The law, known as the SECURE Act, is expected to make it cheaper for small companies to start plans by allowing employers in the same geographic area to pool participants. The act also raises the tax credit for starting a plan up to $5,000 from a previous cap of $500 and includes a $500 per worker credit for using automatic enrollment. 

What Congress did not do was anything to lower the cost of actually investing.

The biggest companies in the country enjoy already low investment costs. A study conducted by Brighstcope found that companies with millions in employee assets tended to get individual investment fees below 1%.

Those with fewer total dollars in the plan, which is most small companies, got stuck paying 2% or 3% or worse.

Behind those high costs is a perfect storm of conflicts of interest: For instance, plan providers get a percentage of fund fees collected from participants, so they’re incentivized to promote high-cost investments. 

Business owners don’t feel that cost at first; it’s passed on to their employees. Yet if owners participate they end up paying even more. Owners typically have the most money invested in their own plan. 

Few business owners understand the true impact of those costs. And that’s leaving aside the legal risk owners take on by sponsoring a plan, often without realizing it.

Nevertheless, cost is coming down thanks to newer, more modern 401(k) plans designed to work for small firms with, say, just a dozen employees.

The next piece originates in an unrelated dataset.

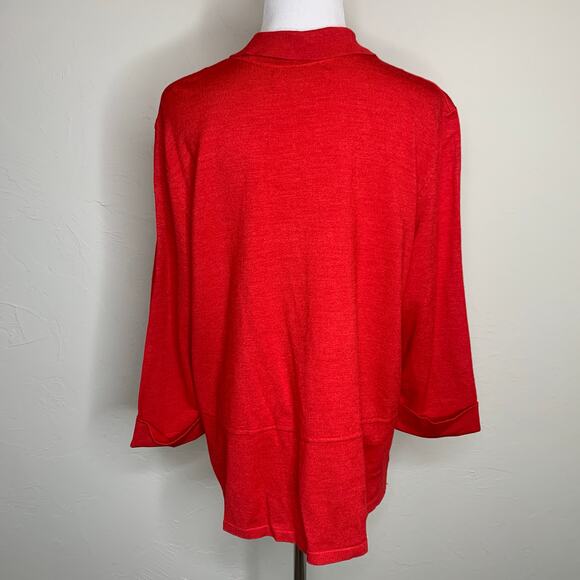 Judith Hart Woman Red Button Front Cardigan Sz 1X - Picture 2 of 9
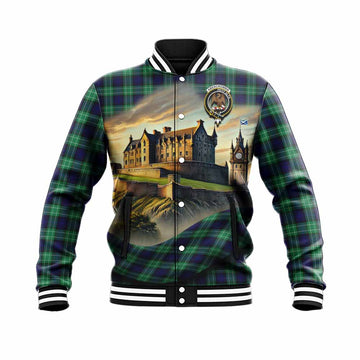 Tartan Vibes Clothing Abercrombie Tartan Family Crest Baseball Jacket with Scottish Ancient Castle Style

Part of the cost savings in these modern plans comes from using low-cost index funds, rather than forcing employees into a menu of costly, conflict-filled funds.

Instead, modern 401(k)s shop independently for index-style funds that cost a tiny fraction compared to proprietary funds.

Costs are a big deal. Research shows that expensive funds rarely do as well as simply tracking the index, largely because those high fees come out of the pockets of savers before investment growth can occur.

Over a typical career, retirement investors in costly funds can see one-third and up to half of their investment return absorbed by the combined fees of their plans — from plan providers, recordkeepers and from the underlying funds themselves. 

It is a good thing that the federal government and the states are working to drive down the cost of small business retirement planning. Pooled plans should, eventually, open the door to lower-cost retirement investing for millions of Americans.

Yet the market already has begun to shift toward lower-cost providers that offer conflict-free, fiduciary plans at a fraction of the cost of legacy plan providers. Congress is moving in the right direction regarding Americans’ retirements, but modern 401(k) providers are a step ahead.